This repository contains documentation of experiments, data and results for the GeneMark-ETP project. The code of GeneMark-ETP itself lives at https://github.com/gatech-genemark/GeneMark-ETP
GeneMark-ETP: Automatic Gene Finding in Eukaryotic Genomes in Consistence with Extrinsic Data
Tomas Bruna, Alexandre Lomsadze, Mark Borodovsky
publication in preparation 2022
Georgia Institute of Technology, Atlanta, Georgia, USA
All genome sequences were downloaded from RefSeq section of NCBI (the links are saved in $SPECIES/data/README.md
). For each genome we parsed out unique sequence identifiers accession.version from FASTA definition lines. New, simplified sequence IDs were introduced. Information about original and new IDs was saved as a table into file $SPECIES/data/chr.names
.
An example of such table for the genome of A.thaliana is shown below:
original ID | new ID |
---|---|
NC_003070.9 | 1 |
NC_003071.7 | 2 |
NC_003074.8 | 3 |
NC_003075.7 | 4 |
NC_003076.8 | 5 |
Only genome sequences from nuclear DNA were used in ETP project. Also, we limited the analysis to chromosomes (sequences with prefix "NC_") and main genomic contigs (sequences with prefix "NT_"). The processed sequences were saved into $SPECIES/data/genome.fasta
.
Each genome was de novo masked by RepeatModeler2 (v2.0.1) and RepeatMasker (v4.1.0) as follows:
BuildDatabase -name genome genome.fasta
RepeatModeler -database genome -srand 1 -pa 16 -LTRStruct > rmodeler.out
RepeatMasker -pa 16 -lib genome-families.fa -xsmall genome.fasta > rmasker.out
Input protein sets were downloaded from OrthoDB (v10.1) and processed as described for each species in $SPECIES/data/README.md
.
To prepare the reference annotations, follow the species-specific instructions in each species folder.

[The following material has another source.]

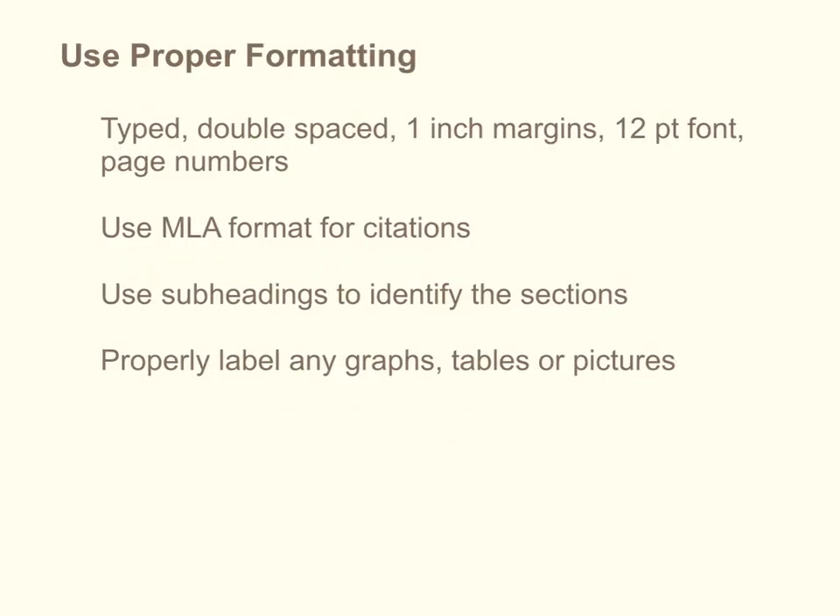You want to use proper formatting. I'm looking for papers that are typed, double-spaced, 1-inch margin, 12-point font, with page numbers — the standard stuff that hopefully you're doing in preparing papers for your literature classes. I would like you to use the MLA format for your citations. You want to use subheadings to identify different sections, and we're going to get into the sections in a future slide. If you include any graphs or tables or pictures, you need to properly label them. You want to make sure you're labeling what the axis is and give titles or figure names to all illustrations in your report.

All annotation statistics were collected with the bin/analyze_annot.py
scipt.
ls */annot/annot.gtf | xargs -P7 -I {} bash -c 'bin/analyze_annot.py {} > {}.analysis'
ls */annot/reliable.gtf | xargs -P7 -I {} bash -c 'bin/analyze_annot.py {} > {}.analysis'
For each species $SPECIES
GeneMark-ETP was executed with the following command, utilizing the .yaml
config files
cd $SPECIES
$ETP_FOLDER/bin/etp_release.pl --cfg $CONFIG.yaml --workdir . --verbose --softmask
All evaluations of GeneMark-ES/ET/EP+ were done with gmes suite version 4.69
.
GeneMark-ES was run as follows:
cd $SPECIES/other/es
$GMES_FOLDER/gmes_petap.pl --ES --mask_penalty 0 --seq ../../data/genome.fasta.masked
GeneMark-ET was run with the command below. The file hintsfile_merged.gff
is generated over the course of a GeneMark-ETP run.
cd $SPECIES/other/et
$GMES_FOLDER/gmes_petap.pl --ET ../../rnaseq/hints/hintsfile_merged.gff --mask_penalty 0 --seq ../../data/genome.fasta.masked
GeneMark-EP+ was run as follows:
cd $SPECIES/other/ep_$PROTEIN_DB
$GMES_FOLDER/gmes_petap.pl --EP --dbep ../../data/$PROTEIN_DB --mask_penalty 0 --seq ../../data/genome.fasta.masked
All evaluations were done with BRAKER v2.1.6
and TSEBRA v1.0.3
.
BRAKER1 was run with the command below. The file hintsfile_merged.gff
is generated over the course of a GeneMark-ETP run.
cd $SPECIES/other/braker1
$BRAKER_FOLDER/scripts/braker.pl --softmasking --genome ../../data/genome.fasta.masked --hints ../../data/hintsfile_merged.gff
BRAKER2 was run as follows:
cd $SPECIES/other/braker2/$PROTEIN_DB
$BRAKER_FOLDER/scripts/braker.pl --softmasking --genome ../../../data/genome.fasta.masked --prot_seq ../../../data/$PROTEIN_DB
TSEBRA was run as:
cd $SPECIES/other/tsebra/$PROTEIN_DB
$TSEBRA_FOLDER/bin/tsebra.py -c $TSEBRA_FOLDER/config/default.cfg -e ../../braker1/braker/hintsfile.gff,../../braker2/$PROTEIN_DB/braker/hintsfile.gff -g ../../braker1/braker/augustus.hints.gtf,../../braker2/$PROTEIN_DB/braker/augustus.hints.gtf -o tsebra.gtf
The bin
folder contains scripts for generating all tables and figures presented in the paper.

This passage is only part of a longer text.